WHAT THE EXERCISE ASKS
The data below must be returned in full and exactly.

GIVEN DATA
————

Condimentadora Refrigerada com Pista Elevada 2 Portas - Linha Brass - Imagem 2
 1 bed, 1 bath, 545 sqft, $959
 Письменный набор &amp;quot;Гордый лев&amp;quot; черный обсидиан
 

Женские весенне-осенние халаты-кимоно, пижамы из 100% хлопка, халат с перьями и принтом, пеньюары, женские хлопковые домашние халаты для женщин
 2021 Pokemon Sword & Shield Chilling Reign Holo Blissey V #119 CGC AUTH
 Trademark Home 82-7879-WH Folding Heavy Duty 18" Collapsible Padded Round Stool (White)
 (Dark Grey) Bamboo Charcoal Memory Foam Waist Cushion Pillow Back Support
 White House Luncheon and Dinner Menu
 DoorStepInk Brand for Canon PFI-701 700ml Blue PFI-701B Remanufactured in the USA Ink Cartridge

————

SOLUTION
Condimentadora Refrigerada com Pista Elevada 2 Portas - Linha Brass - Imagem 2
 1 bed, 1 bath, 545 sqft, $959
 Письменный набор &amp;quot;Гордый лев&amp;quot; черный обсидиан
 

Женские весенне-осенние халаты-кимоно, пижамы из 100% хлопка, халат с перьями и принтом, пеньюары, женские хлопковые домашние халаты для женщин
 2021 Pokemon Sword & Shield Chilling Reign Holo Blissey V #119 CGC AUTH
 Trademark Home 82-7879-WH Folding Heavy Duty 18" Collapsible Padded Round Stool (White)
 (Dark Grey) Bamboo Charcoal Memory Foam Waist Cushion Pillow Back Support
 White House Luncheon and Dinner Menu
 DoorStepInk Brand for Canon PFI-701 700ml Blue PFI-701B Remanufactured in the USA Ink Cartridge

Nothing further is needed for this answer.